Another question is consequences. What are the consequences of the adoption? One consequence one hopes for is that one child will be better off. If its only other option was to remain in the orphanage, it probably is in a better condition. But sadly there are other consequences. Money gets channeled to make the adoption possible. In cases where the child comes from a poor place, such money can provide an incentive so that more children are adopted, instead of staying with their parents. Money might be paid to mothers to "help" them during birth, before they give the child away. Or, mothers could be given a bit of money to live better after they gave the child away. And mothers might be persuaded to give their child away to a better and brighter future. In the worst case, children might also be abducted for adoption. In the end, an adoption might then lead to more children leaving their family for adoption. This is an unintended consequence of adoption - the idea is to make the life of the child better, and not create more problems for more children.
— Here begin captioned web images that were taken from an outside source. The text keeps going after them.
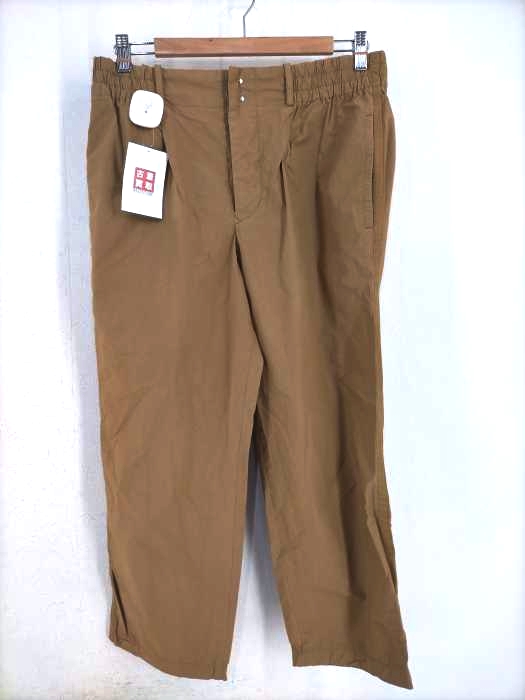 SCYE（サイ） 製品染め フロントフッククロップドパンツ メンズ パンツ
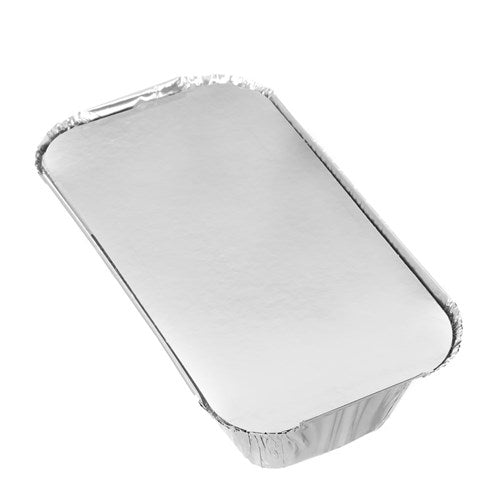 Foil Container W/lid 20pk 20x11x5cm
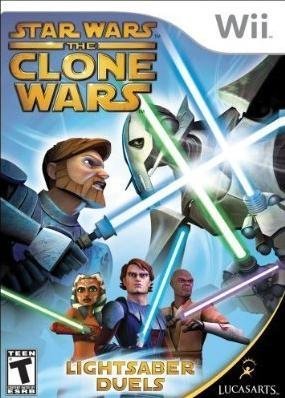 Междузвездни войни: Войната на клонингите + Lego Star Wars the Complete Sage + Dual Блеснали Саби, за Nintendo Wii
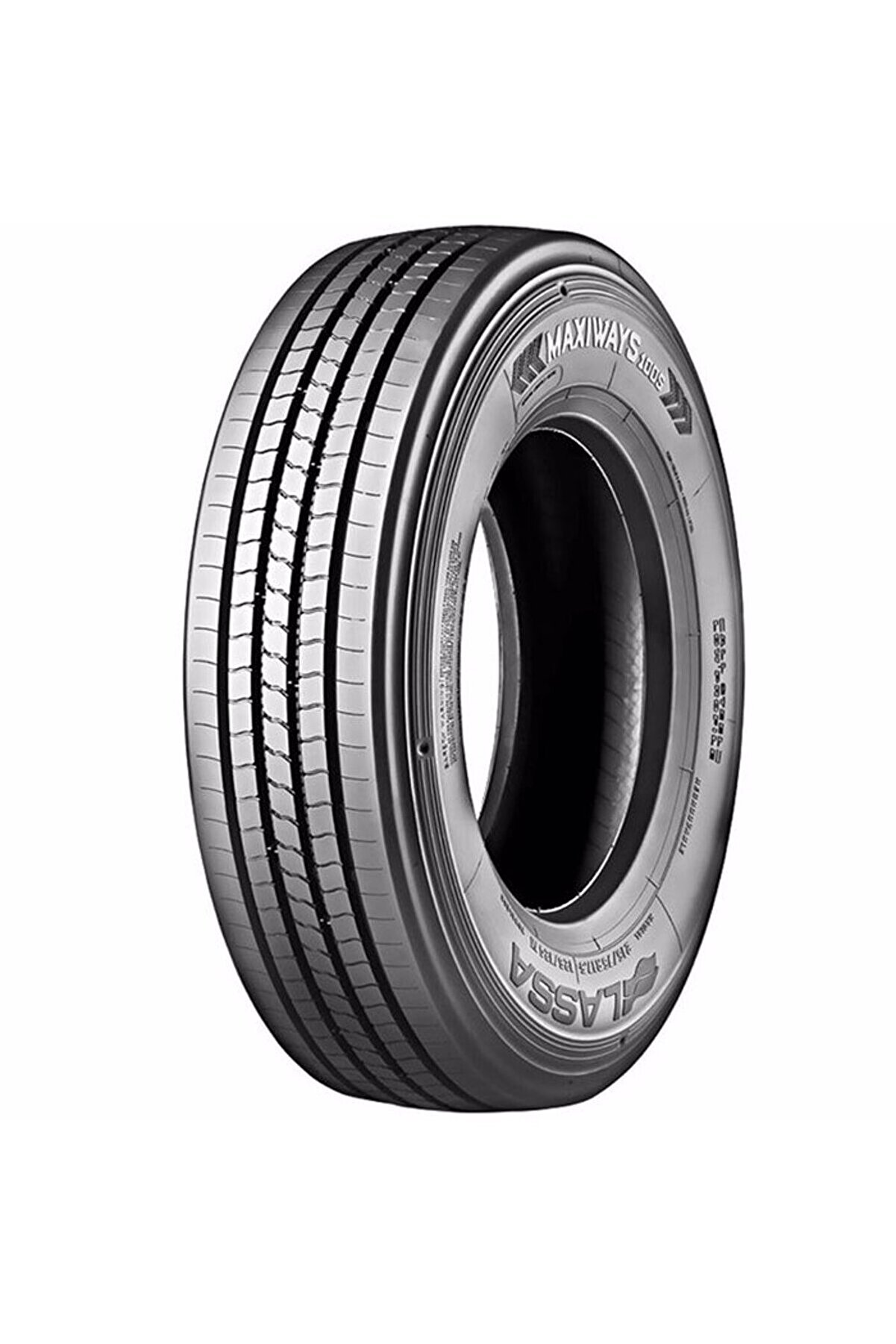 215/75R17.5 126/124M MAXIWAYS 100S (SFM) LASSA 2024 ÜRETİM DÜZ TİP TİCARİ LASTİK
A site with good information on the subject, in case of international adoption is http://www.brandeis.edu/investigate/gender/adoption/index.html and especially, look at 'The lie we love': http://www.foreignpolicy.com/story/cms.php?story_id=4508

In the end, I think one can not say that it is wrong. There is a child who needs to be adopted, and it would be wrong to let it waste away in the system. But, one needs at the same time make sure that adoptions do not lead to more children getting to orphanages. One needs to help the families before the child is given away, and one needs to make it clear to parents before they give the child away what the consequences are, and that the child will suffer from their action. The money that is used in one adoption could easily keep 10 children in their families, and one needs to make sure that it is not used as an incentive to take 10 other children from their families.